Hi Sashenka,
I really appreciate this comment, and I agree with you. I got the idea of God showing off to the devil from Robert Frost's "A Masque of Reason," but this was also an Old Testament God before the coming of Christ. That meant that God had to punish the people that turned away from God and who sinned, but here, in Job, why does an innocent and righteous man suffer so much? That's the central question here.
I believe Job is a type of Jesus, and perhaps the most important precursor to Jesus. A lot of other Old Testament "types" of Jesus, like David (a rapist), Moses (a murderer), and Jonah (a racist) were incredibly flawed people who were unlikely candidates for God's chosen, and yet Job was a type who was righteous and hadn't sinned.
Yet Job is put to the test -- and there are a lot of ways Jesus is a lot like Job. Jesus, too, was an innocent man who suffered. He had his friends deny and betray Him, much like Job. But Jesus went a step further and took on the suffering and sin of humanity when he went on the cross. That's the difference between the God of the Old Testament and the God of the New Testament. It's the same God, but the Trinity was not yet complete in the Son.

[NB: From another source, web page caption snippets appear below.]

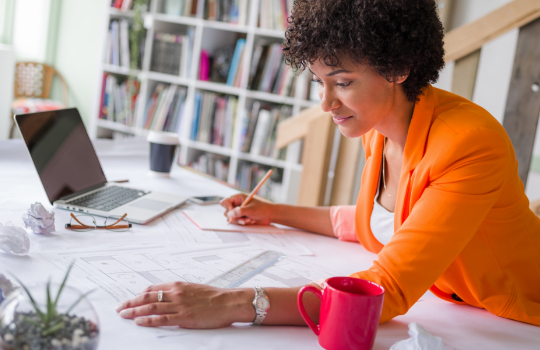 Female architect at her desk drafting plans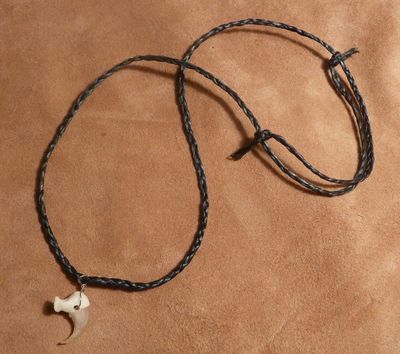 Real bobcat claw on hand-braided adjustable cord necklace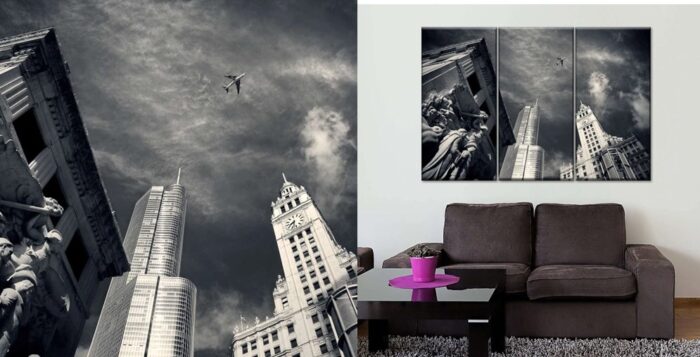 A black and white photo showcasing wall art inside a living room.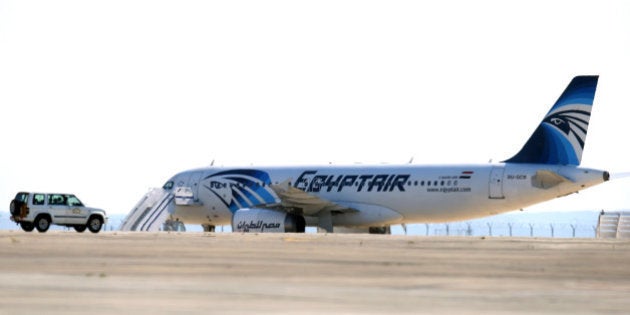 An EgyptAir Airbus A-320 sits on the tarmac of Larnaca airport after it was hijacked and diverted to Cyprus on March 29, 2016. A hijacker seized the Egyptian airliner and diverted it to Cyprus, before releasing all the passengers except four foreigners and the crew, officials and the airline said. / AFP / GEORGE MICHAEL (Photo credit should read GEORGE MICHAEL/AFP/Getty Images)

I hope that makes sense from my perspective, that God had to be much more of a disciplinarian and do the work of disciplining those who had fallen away, who had turned their backs on Him before the coming of Jesus. God loved us, but God hated our sin. Once Jesus came and finished the work, the world changed, but Job's world was one before Jesus, and a parable to the people who doubted God because they suffer.